Warto spróbować! - Intencja MI na grudzień
Rozpoczynają się rekolekcje adwentowe. Kaznodzieja wychodzi na ambonę i pewnym głosem zaczyna naukę:
– Trzeba starać się jak najlepiej zarabiać...
– Świetnie mówi – jeden z wiernych trąca sąsiada w ławce.
– Powiem więcej: nie tylko jak najlepiej zarabiać, ale też jak najwięcej z tego odłożyć... – ciągnie dalej rekolekcjonista.
– Nie przypuszczałem – wymamrotał znów nasz słuchacz – że spotkam jeszcze tak życiowego księdza!
– A teraz najważniejsze... – kaznodzieja zawiesza głos. – Wszystko po to, by móc jak najwięcej rozdać ubogim!
– No i takie dobre kazanie diabli wzięli! – wzdycha smutno zadowolony dotąd słuchacz.
Abyśmy byli przybytkiem Emmanuela... Przybytek oznacza miejsce przebywania Boga. Być przybytkiem, to znaczy dać Mu schronienie, zgromadzić Go w sobie jak najwięcej. Po co? Właśnie po to, by Bogiem, niczym kromką chleba, albo kubkiem wody, podzielić się z innymi.
To może być ciekawy eksperyment, gdyby udało ci się zastąpić słowo „pieniądze” słowem „Bóg”? Jak często myślałbyś, rozmawiał o Nim? Może nawet zacząłbyś narzekać, że ci Go w życiu brakuje, że za mało, że nie starcza?

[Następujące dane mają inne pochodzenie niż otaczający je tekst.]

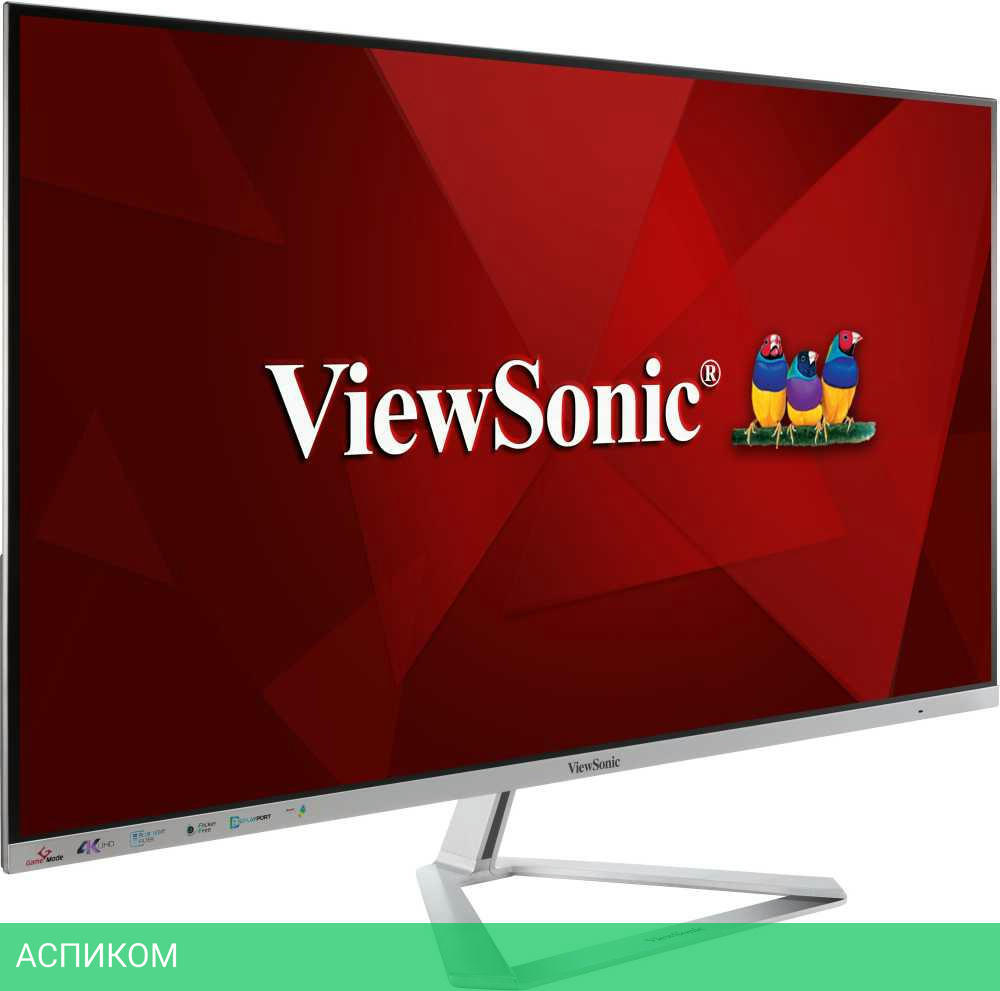 Монитор ViewSonic 31.5" VX3276-4K-MHD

Grudniowa intencja MI sprowadza nas na... niebo. Przykład jakich wartości dajesz młodszym? Czym dzielisz się z nimi, jeśli nie swoją troską o jutro, o pracę, o pieniądze? Ach, zapomniałem, przecież umówiliśmy się, że choć na krótko „pieniądze” zastąpimy w naszym życiu „Bogiem-Emmanuelem”. Nie jest to jednak takie łatwe, ale – cóż – warto spróbować.